また、取得部301は、改定対象となる構成要素が、隠蔽禁止、削除禁止および削除済みのいずれかに改訂された改訂文書Rを取得する機能を有する。具体的には、設定部305によって構成要素の状態が設定された改訂文書Rを取得する機能を有する。改訂文書Rは、電子文書Mを構成する構成要素に対して改訂がおこなわれた電子データである。たとえば、隠蔽禁止対象に指定された構成要素の状態が、隠蔽可能でかつ削除可能な状態から隠蔽禁止でかつ削除可能な状態に設定された改訂文書Rである。
この改訂文書Rは、検証者から改訂者に対して改訂文書Rの公開請求があった場合に、改訂者の電子文書管理装置101から検証者の電子文書管理装置101に送信(出力)されることとなる。そして、検証者の電子文書管理101の取得部301により、改訂者の電子文書管理装置101から送信された改訂文書Rを取得する。
検証部307は、第1の電子署名、第2の電子署名および集約電子署名に基づいて、取得部301によって取得された改訂文書Rの真正を検証する機能を有する。具体的には、署名者の公開鍵を用いて、第1の電子署名、第2の電子署名および集約電子署名を復号し、改訂文書Rの真正を検証する。
出力部306は、検証部307によって検証された検証結果を出力する機能を有する。具体的には、第1の電子署名、第2の電子署名および集約電子署名すべての検証に合格した場合に、検証合格を示す検証結果を出力する。一方、第1の電子署名、第2の電子署名および集約電子署名のいずれか一つの検証に不合格となった場合、検証不合格を示す検証結果を出力する。
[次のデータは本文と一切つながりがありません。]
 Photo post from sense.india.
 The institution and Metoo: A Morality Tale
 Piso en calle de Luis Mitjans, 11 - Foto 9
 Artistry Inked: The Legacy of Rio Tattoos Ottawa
なお、指定部302による隠蔽禁止対象、削除禁止対象および削除対象の指定は、取得部301によって取得された改訂文書Rを構成する構成要素に対して可能としてもよい。これにより、電子文書M(改訂文書R)に対する追加的な改訂を実現する。
また、上述した隠蔽禁止対象、削除禁止対象および削除対象の他に各種の改訂対象の指定をおこなうことができる。たとえば、指定部302は、電子文書Mのうち隠蔽対象となる構成要素の指定を受け付けることができる。この場合、判断部303により、隠蔽対象に指定された構成要素と当該構成要素に規定されている第1の電子署名および第2の電子署名の双方とが存在する場合、当該構成要素が隠蔽可能でかつ削除可能な状態であると判断する。
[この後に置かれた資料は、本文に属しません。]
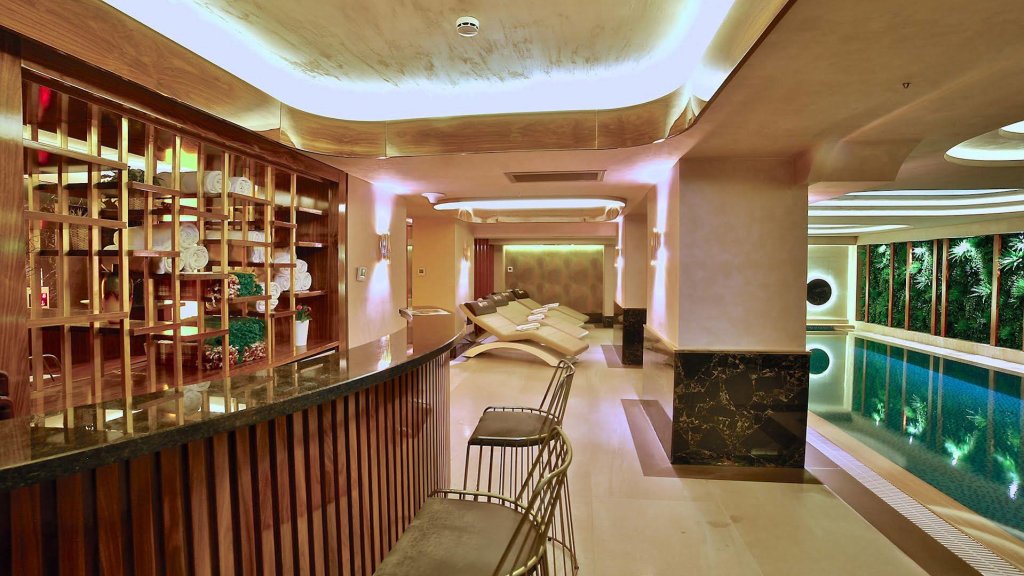 Beethoven Premium Hotel 20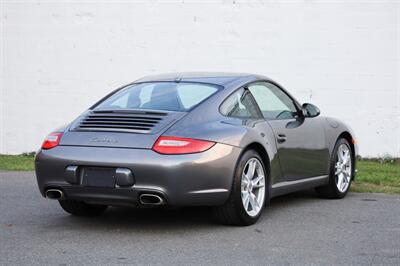 2011 Porsche 911 Carrera - Photo 11 - Charlotte, NC 28206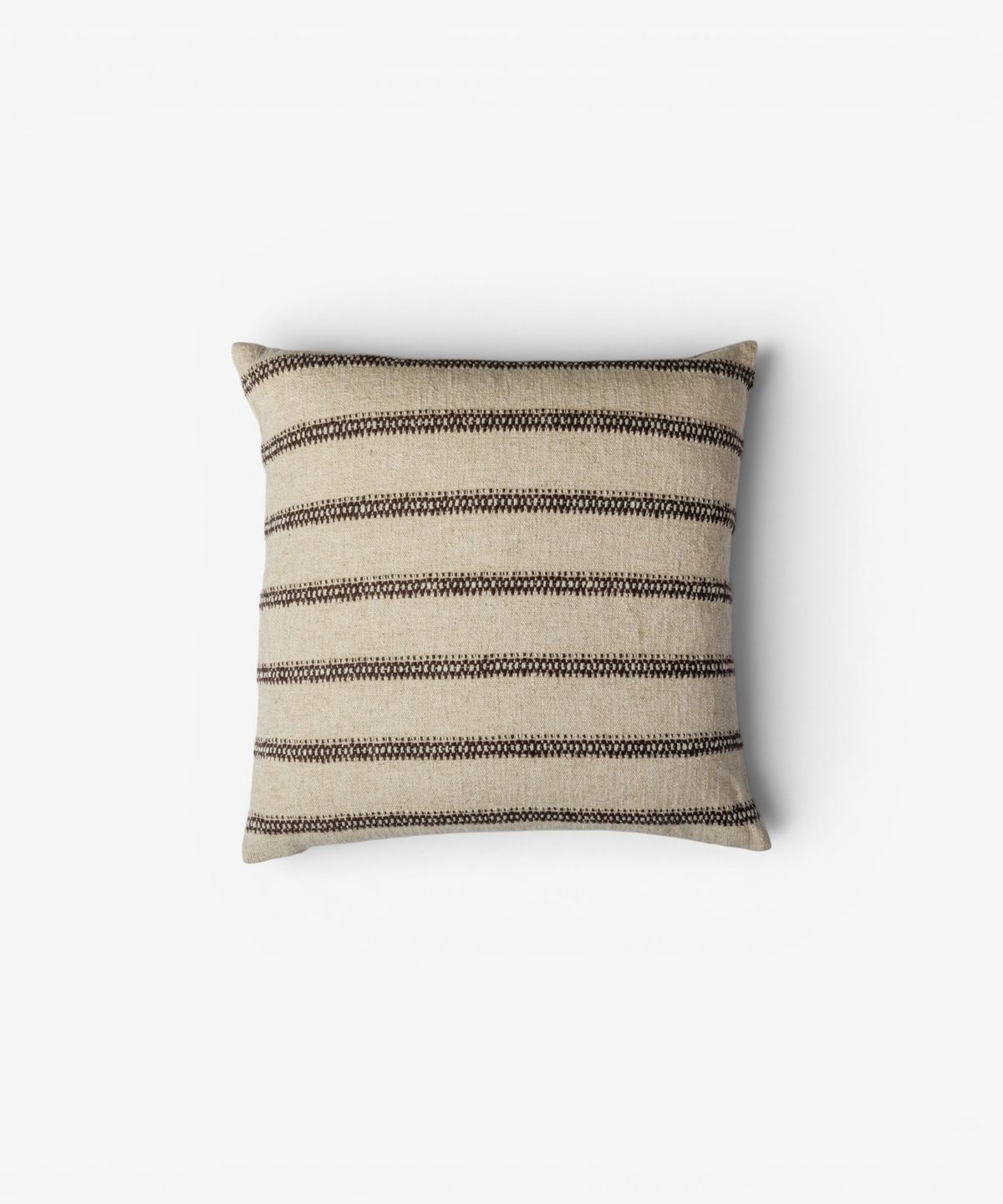 Willow Woven Cushion Cover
その結果、隠蔽可能でかつ削除可能な状態であると判断された場合、不図示の置換部により、隠蔽対象に指定された構成要素を当該構成要素のハッシュ値に置き換えて、設定部305により、隠蔽禁止対象となる構成要素を、隠蔽可能でかつ削除可能な状態から隠蔽済みでかつ削除可能な状態に設定することとなる。なお、各種の改訂対象を指定した場合の具体的な処理内容は後述する実施例1において説明する。
また、取得部301は、複数の構成要素からなり、構成要素ごとに、当該構成要素固有の第1の電子署名および第2の電子署名が規定され、かつ各第1の電子署名を集約した第1の集約電子署名および各第2の電子署名を集約した第2の集約電子署名が関連付けられている電子文書Mを取得することとしてもよい。
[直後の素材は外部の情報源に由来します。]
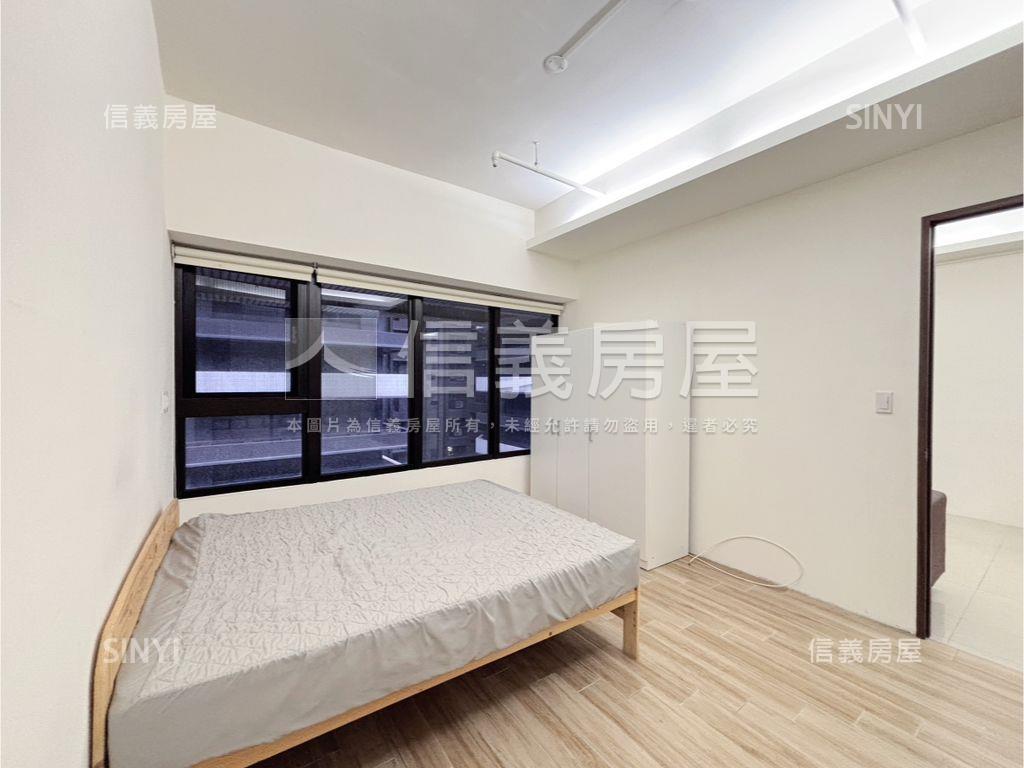 海洋都心２４樓房屋室內格局與周邊環境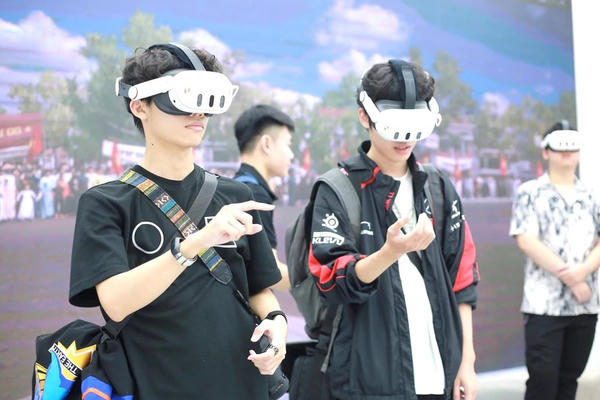 Biến sức hút của STEM thành nguồn nhân lực chất lượng cao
ここでは、上述した電子文書Mとは異なる表現方式(第2の集約電子署名が追加されている)によって、隠蔽可能でかつ削除可能な状態、隠蔽禁止でかつ削除可能な状態、隠蔽禁止でかつ削除禁止な状態、隠蔽可能でかつ削除禁止な状態、隠蔽済みでかつ削除禁止な状態、隠蔽済みでかつ削除可能な状態および削除済みの状態を表現する電子文書Mを取得する。
指定部302は、上記電子文書Mのうち隠蔽禁止対象となる構成要素の指定を受け付ける。判断部303は、隠蔽禁止対象に指定された構成要素と当該構成要素に規定されている第1の電子署名および第2の電子署名の双方とが存在する場合、当該構成要素が隠蔽可能でかつ削除可能な状態であると判断する。
削除部304は、判断部303によって隠蔽可能でかつ削除可能な状態であると判断された場合、隠蔽禁止対象となる構成要素に規定されている第2の電子署名を第2の集約電子署名の中から削除するとともに、構成要素に規定されている第2の電子署名を削除する。設定部305は、削除部304によって削除された結果、隠蔽禁止対象となる構成要素を、隠蔽可能でかつ削除可能な状態から隠蔽禁止でかつ削除可能な状態に設定する。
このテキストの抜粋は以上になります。